Advertisement

The Portland Trail Blazers just gave Marcus Camby to the Houston Rockets

Chuffed with their ability to possibly pants the Nets out of a lottery pick, the GM-less Portland Trail Blazers have decided to pay it forward as they submit to a rebuilding process, and now they're just doing teams favors. Which is why they've decided to essentially hand the Houston Rockets C/F Marcus Camby on Thursday, in return for 2009 draft washouts Jonny Flynn and Hasheem Thabeet and a conditional second-round pick in the 2012 draft.

Camby has slowed a bit in his 16th NBA season, but this is in relative terms as the 6-11 big man can still pull in gobs of rebounds (23 percent of all available caroms have ended up in Camby's hands this season, a number that rivals Dwight Howard's rebound rate), something that will fit quite well on the Houston frontline while Samuel Dalembert bites on every pump fake and/or eyebrow roll. The Rockets are currently tied with the Dallas Mavericks for the eighth seed in the Western Conference, and the ability to make life hellish for either the Oklahoma City Thunder or San Antonio Spurs in the first round. No, Rox GM Daryl Morey didn't get his superstar at the trade deadline (he has long coveted Lakers big man Pau Gasol), but this is a pretty solid haul; especially considering Camby's expiring contract.

For the Blazers? We have no clue why they made this deal, outside of benevolence. Camby deserves to play with a playoff team as his career winds down, and the Blazers (with embarrassing losses to Indiana and New York dotting the days up to the trade deadline) were clearly out of the playoff hunt due to the injury woes of Greg Oden and Brandon Roy, and the flan-based falloff of point guard Raymond Felton. Not to be cruel, but Hasheem Thabeet does not have a future in the NBA following the expiration of his contract this July, and Flynn isn't far off.
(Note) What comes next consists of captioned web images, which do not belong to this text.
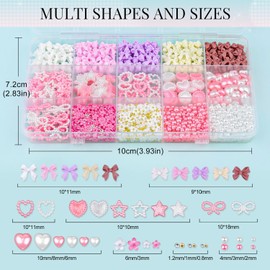 3D Nail Charms for Coquette Nails Design Set 4, Colorful Nail Bows + Assorted Pearl Heart Star Moon Bowknot Cute Nail Jewels + 3D Flower Charms and Nail Pearls, with Picker Tools for Nail Decor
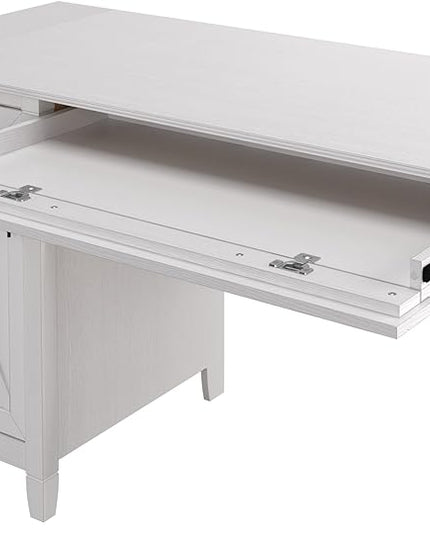 Bush Furniture Key West Computer Desk with Storage | Farmhouse PC Table for Home Office, 54W, Pure White Oak - LeafyLoom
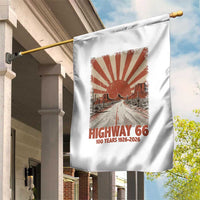 Highway 66 Main Street of America Sunset Horizon Garden Flag Centennial 1926-2026 Retro Desert Sunburst Graphic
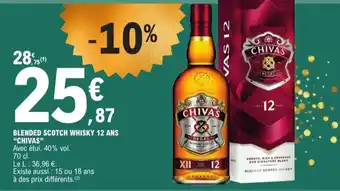 E.Leclerc "CHIVAS" Blended scotch whisky 12 ans offre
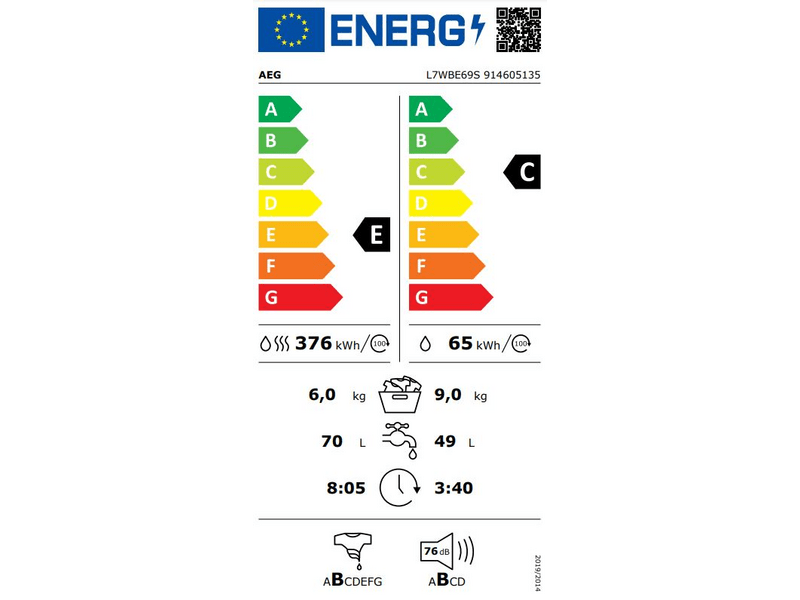AEG L7WBE69S Mosó-szárítógép, 9/6 kg, 1600 f/p., gőzprogram, LCD kijelző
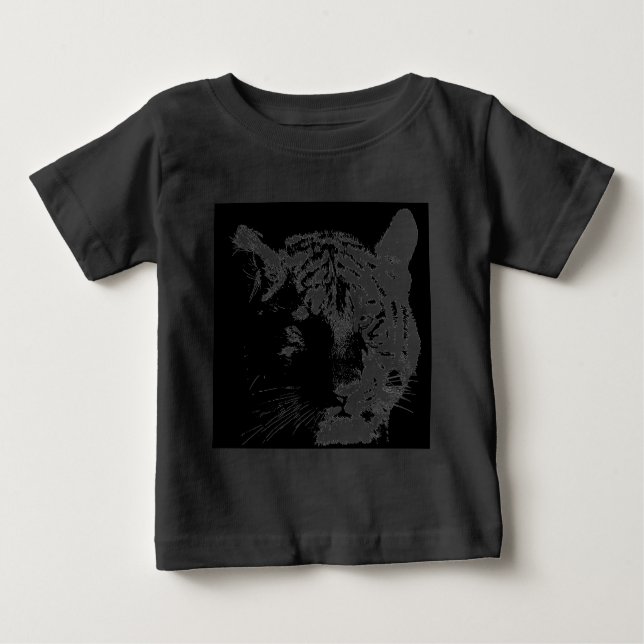 Camiseta De Bebé Tigre de arte pop blanco y negro (Anverso)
The former Syracuse product showed flashes during his rookie year in Minnesota, but a debilitating hip injury has limited Flynn in the years since, and he's shot just 35 percent in his last two seasons. Thabeet, though just 25 years of age, appears to have little interest in the game of basketball, and is regarded as one of the NBA's biggest draft missteps of all time in the wake of Memphis drafting him second overall in 2009.

The Blazers will receive the rights to a conditional second-round pick from Houston, but these rarely materialize. There isn't a prospect here, no cap relief for next year, no player to take a flyer on (even Flynn). Not a bad trade for Portland by any stretch, but that doesn't mean it wasn't an absolute gift sent Houston's way.